### [What you should do]
Of the material below, the lines to be retyped are those from the line containing "Signatur Ceas Dama" through the line containing "Tone Tai Supermarket", inclusive; reproduce them exactly.

### [The data]
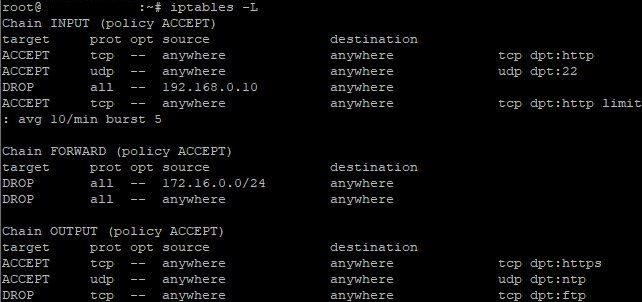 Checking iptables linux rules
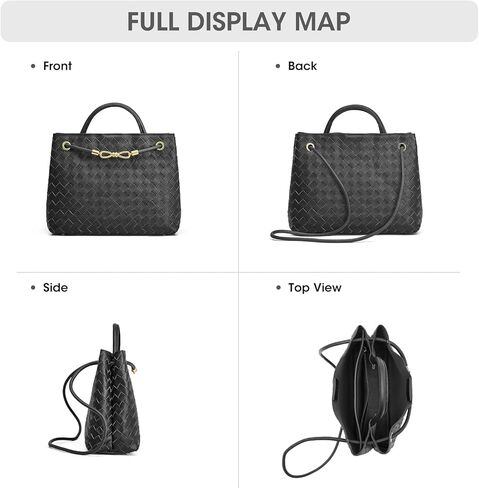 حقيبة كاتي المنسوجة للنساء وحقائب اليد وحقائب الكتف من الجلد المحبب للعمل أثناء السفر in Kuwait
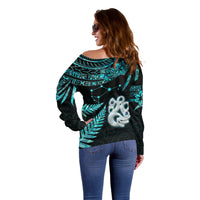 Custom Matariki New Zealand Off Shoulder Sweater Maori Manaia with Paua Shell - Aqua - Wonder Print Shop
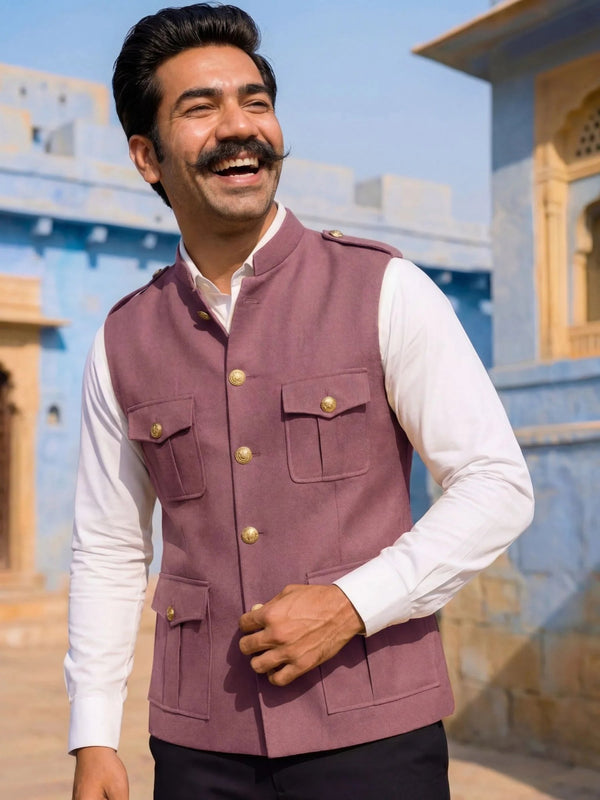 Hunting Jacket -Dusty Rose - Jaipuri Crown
==
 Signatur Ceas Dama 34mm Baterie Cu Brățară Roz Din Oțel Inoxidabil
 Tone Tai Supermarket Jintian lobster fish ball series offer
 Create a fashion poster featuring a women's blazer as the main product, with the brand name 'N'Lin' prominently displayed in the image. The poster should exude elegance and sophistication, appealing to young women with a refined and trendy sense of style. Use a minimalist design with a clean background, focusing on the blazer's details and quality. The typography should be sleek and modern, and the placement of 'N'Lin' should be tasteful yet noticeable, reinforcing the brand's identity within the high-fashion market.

### [Output]
 Signatur Ceas Dama 34mm Baterie Cu Brățară Roz Din Oțel Inoxidabil
 Tone Tai Supermarket Jintian lobster fish ball series offer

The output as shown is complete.